2.1. Bilinear Model Known by the Symmetry of Its Coefficients

This section is devoted to studying and estimating a type of bilinear model known by the symmetry of its coefficients, i.e., with a sum of 0 in its coefficients. In the field of time series, it plays an exceptional role in prediction and estimation and avoids the repetition problem for simulation by extracting a property field according to symmetry. Let the bilinear model have the following symmetric coefficients:

$$x\left(t\right)=ax(t=v)ϵ(t-1)-ax(t-v)+ϵ\left(t\right),v>0.$$

(9)

We will estimate the model coefficients, where the A value is assigned to $a=0.09$ (

Table 1. Estimation of the model coefficients.

	Number of Simulations	$\mathit{s}=250,\mathit{v}=3$
Size (N)	True Values$(\mathit{a},-\mathit{a})$	Estimated Values$(\widehat{\mathit{a}},-\widehat{\mathit{a}})$
50	(0.09, −0.09)	(0.0772, −0.0825)
100	(0.09, −0.09)	(0.0812, −0.0967)
250	(0.09, −0.09)	(0.0887, −0.0792)
500	(0.09, −0.09)	(0.0892, −0.0913)
1000	(0.09, −0.09)	(0.0902, −0.0898)

).

Remark 1. 

In this type of bilinear model, characterized by its symmetric nature, we observe that an increase in the sample size leads to an enhancement in the estimation accuracy as shown in Figure 1. It becomes evident that the estimated values tend to converge closely toward their true counterparts as the sample size grows. Furthermore, as delineated by the proposed model curve, this symmetric behavior becomes apparent.

The symmetry across the x-axis is almost clear, except for some disturbances, which shows that the symmetric coefficients impart this property to the curves.

2.2. Time-Varying Coefficient Construction

For the construction of time-varying coefficients, let the following sample of bilinear models with coefficients be defined with order $bl(p,0,q,1)$

$$x\left(t\right)=u_p(t,a)x(t-p)+{\gamma }_q(t,b)\epsilon (t-1)x(t-q)+\epsilon \left(t\right).$$

(10)

$u_p(t,a)$ and ${\gamma }_q(t,b)$ are two defined functions from ${\mathbb{R}}^n$, ${\mathbb{R}}^m$, respectively, and take their values in $\mathbb{R}.$$x\left(t\right)$ is not related to the previous result, and we assume that the two functions satisfy the general condition for stability

$$u_p^2(t,a)+{\sigma }^2\left(t\right){\gamma }_q^2(t,b)<0.$$

(11)

where $a=(a_1,a_2,\dots ,a_n)$ and $b=(b_1,b_2,\dots ,b_n)$ are two vectors, according to the reference works ([1]), used to determine the recurring expression of models to prove the convergence of series.
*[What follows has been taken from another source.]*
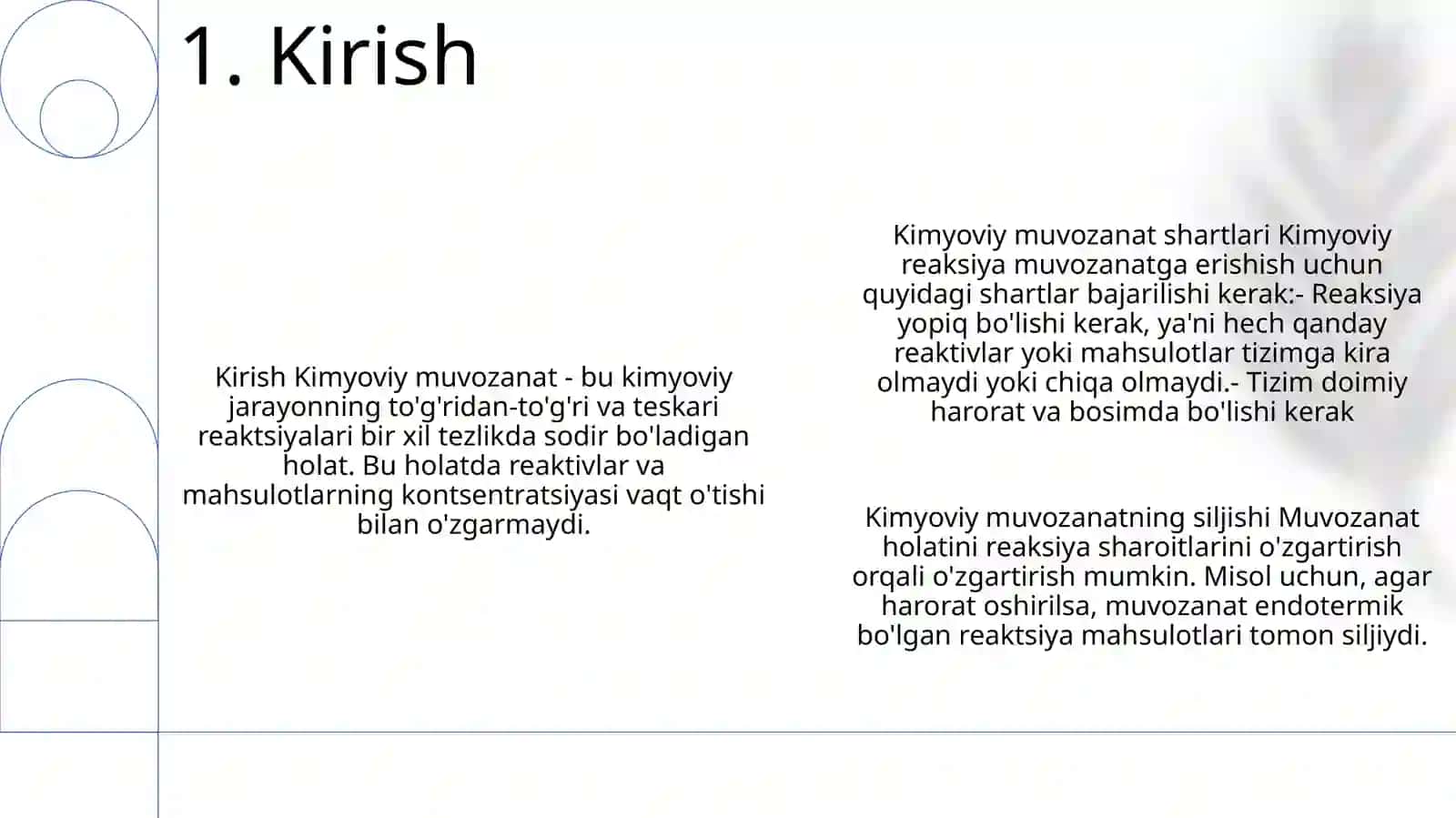 Kimyoviy Muvozanat 2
We use it in our estimation. In situations in which $p=q,$ it is possible to write

$$x\left(t\right)=\sum _{j=1}^{\left[\frac{t}{p}\right]}\prod _{i=1}^{j-1}\left\{u_p(t-ip,a)+{\gamma }_p(t-ip,b)\epsilon (t-ip-1)\right\}\epsilon (t-jp)+\epsilon \left(t\right).$$

(12)

The ▵ subset included in ${\mathbb{R}}^{n+m}$ contains the true value ${\alpha }^0=(a,b)=(a_0,a_1,\dots ,a_n,$$b_0,b_1,\dots ,b_m)$ of $\alpha .$

Then, we can extract the following formula:

$$\begin{array}{ccc}\hfill \epsilon \left(t\right)& =& x\left(t\right)-u_p(t,a)x(t-p)-\sum _{j=1}^{t-1}{(-1)}^j\left\{\prod _{i=1}^{j-1}{\gamma }_p(t-i,b)\right\}\left\{\prod _{i=1}^{j-1}x(t-i-p)\right\}\hfill \\ & & \times \left(x(t-j)-u_p(t,a)x(t-j-p)\right).\hfill \end{array}$$

(13)

$\left[c\right]$ denotes the integer part of c. In the least squares approach, we are obliged to specify the F $\sigma -$field of events. Thus, we consider the observations of the model $\left(x\right(1),x(2),\dots ,x(t\left)\right)$.

3. Estimation Results

The outcome of least squares estimation is the set of parameter values that minimizes the sum of the squared differences between the observed and predicted values in a regression analysis. This estimation method is commonly used in statistics to find the best-fitting line or curve for a given set of data points. If we have specific data or a regression problem, we typically perform least squares estimation using the relevant mathematical formulas or software tools to obtain the specific numerical values for the coefficients. We use the least squares method to prove our theorem in the case of time-varying coefficients, and we use the likelihood method to estimate the coefficients of a sample of bilinear models with exponential coefficients.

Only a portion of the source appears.